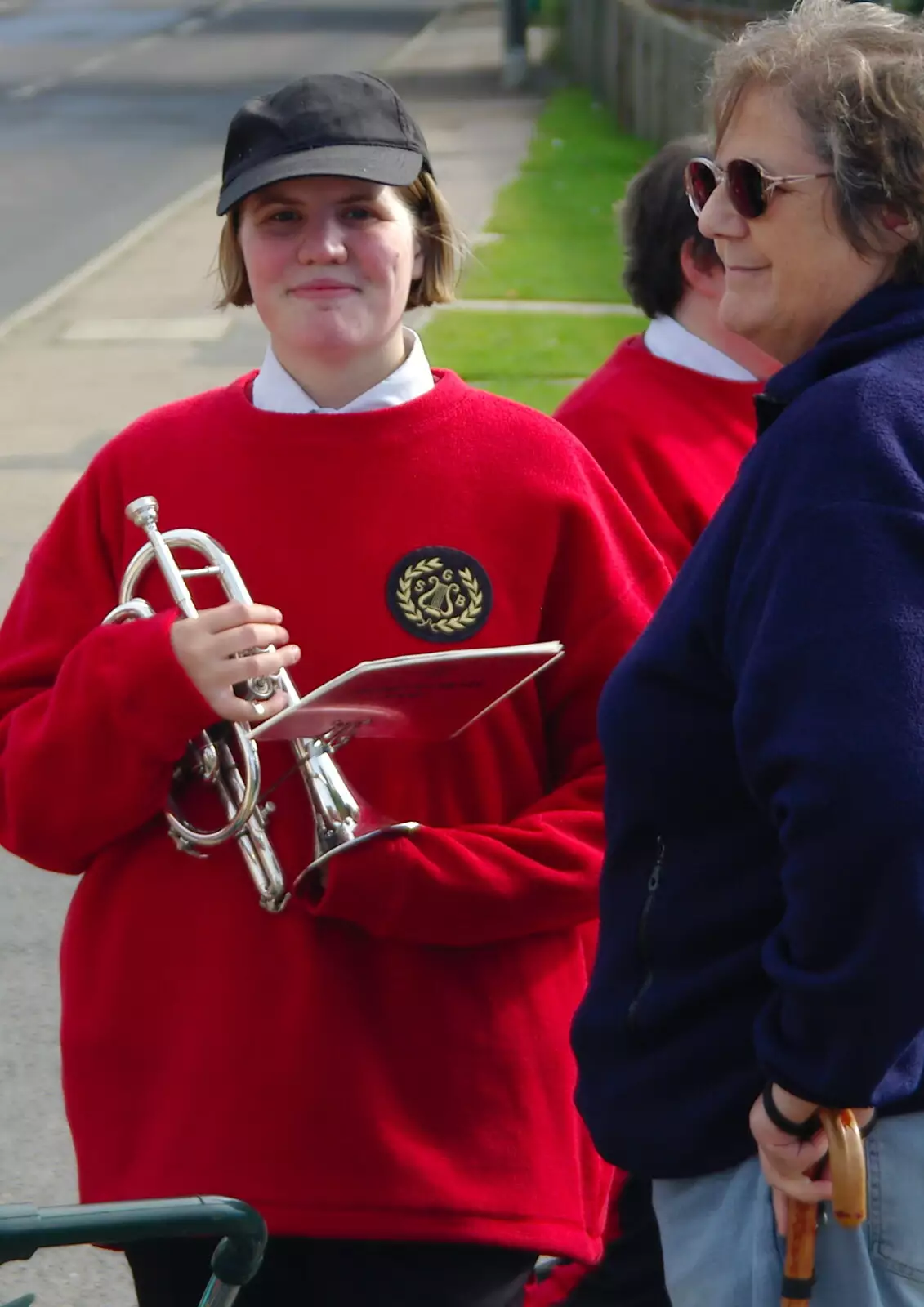 A Gislingham Silver Band cornet player, from Save Hartismere: a Hospital Closure Protest, Eye, Suffolk - 17th September 2005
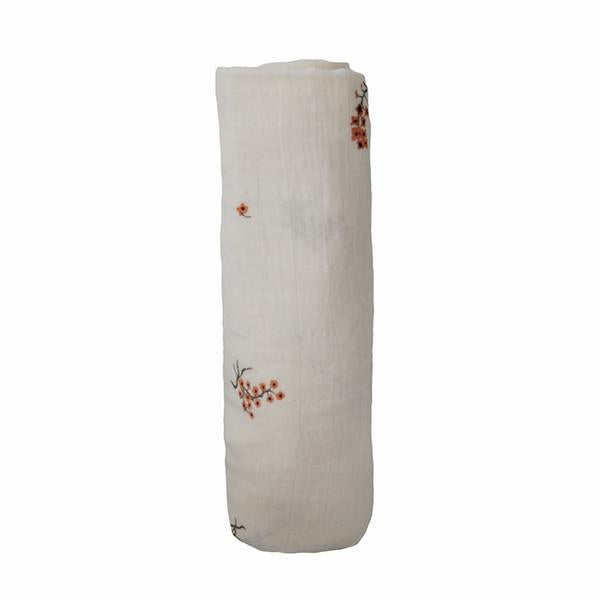 Muslin Swaddle Blanket Organic Cotton - Flowers Baby Essentials Mushie   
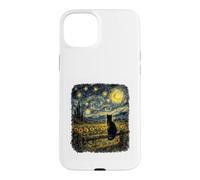 Whispers Of The Night Black Cat Van Gogh Inspired Starry Sky Case for iPhone 15 Plus
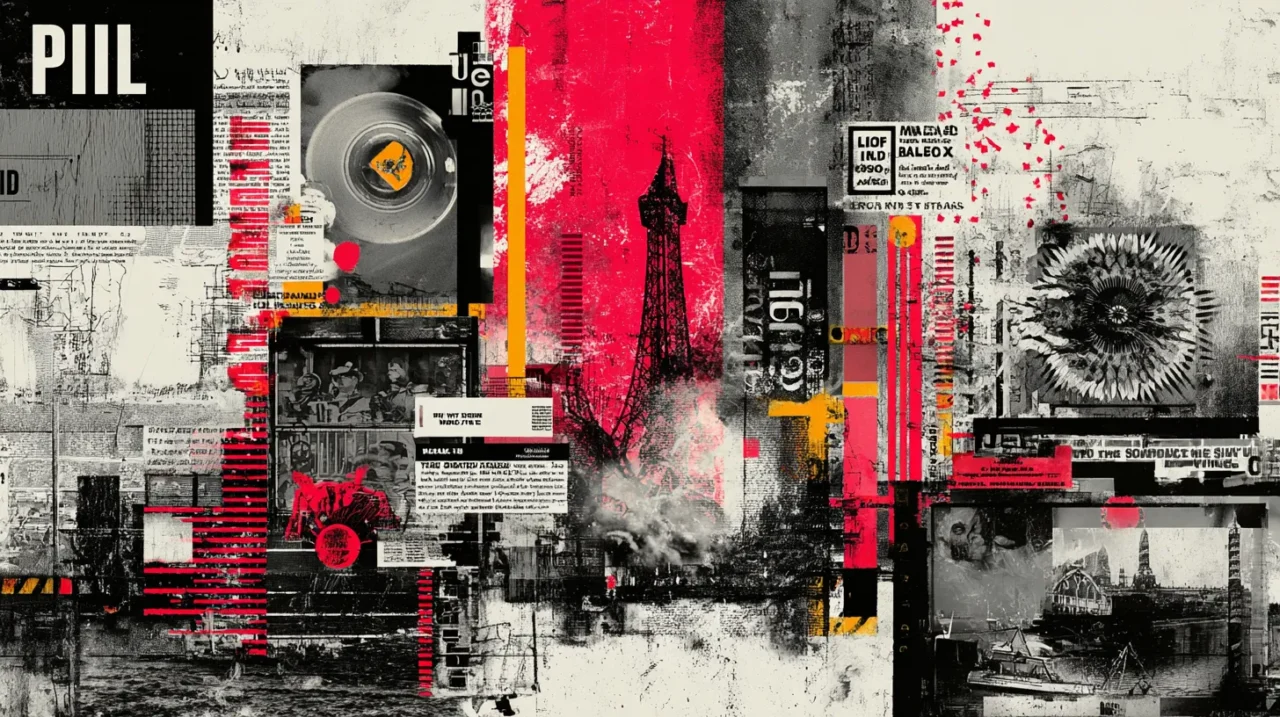 Public Image Ltd. の歴史を象徴するアイコンや新聞断片、フィルム缶、塔のシルエット、抽象的な模様が赤・黒・黄色を基調としたコラージュとして組み合わされたアートワーク。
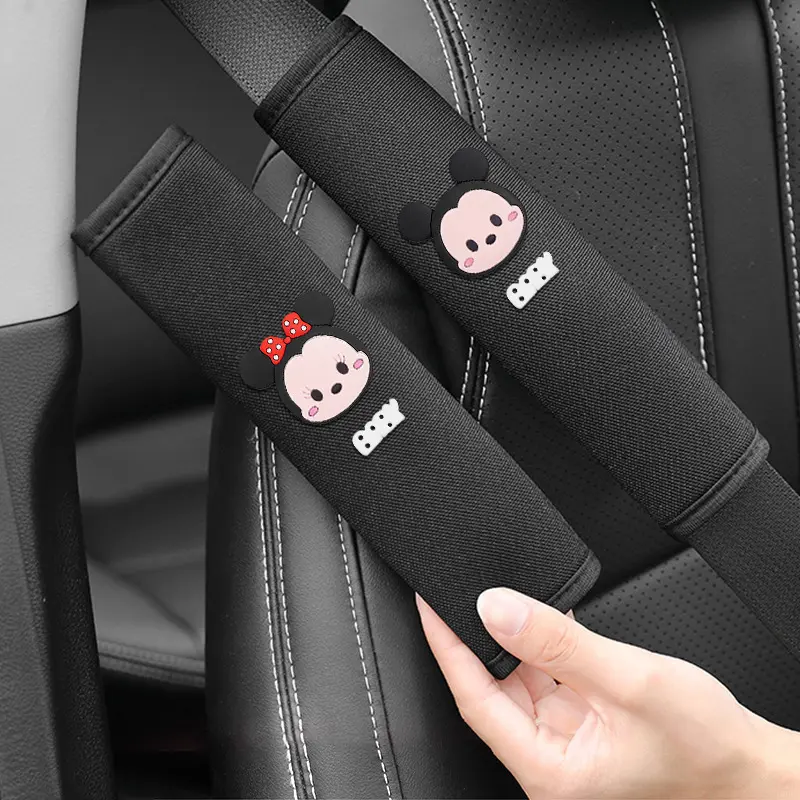 Sarung Cover Seatbelt Mobil Mickey Minnie Corgi Car silikon Blue 3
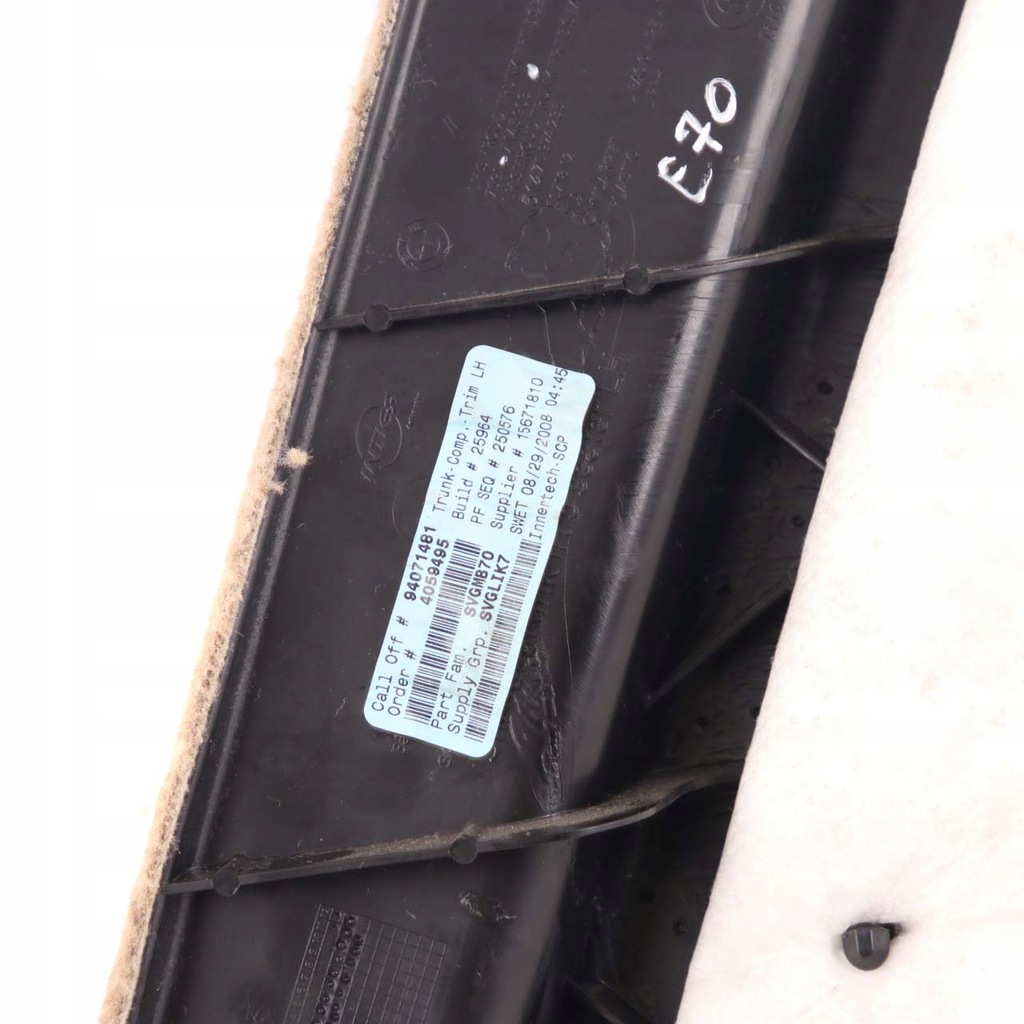 фото №11, Bmw x5 e70 обшивка багажника левый задняя beż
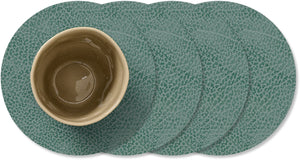 Dessous de Verre LIND DNA Hippo - Cuir - Vert pastel - ø 10 cm - 4 pièces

------------------------

**About this exercise**.
All that is needed is an exact copy of the lines from the line with "Public Image Ltd." through the end of the listing, both ends included, with no pictures.

**The completed task**.
 Public Image Ltd. の歴史を象徴するアイコンや新聞断片、フィルム缶、塔のシルエット、抽象的な模様が赤・黒・黄色を基調としたコラージュとして組み合わされたアートワーク。
 Sarung Cover Seatbelt Mobil Mickey Minnie Corgi Car silikon Blue 3
 фото №11, Bmw x5 e70 обшивка багажника левый задняя beż
 Dessous de Verre LIND DNA Hippo - Cuir - Vert pastel - ø 10 cm - 4 pièces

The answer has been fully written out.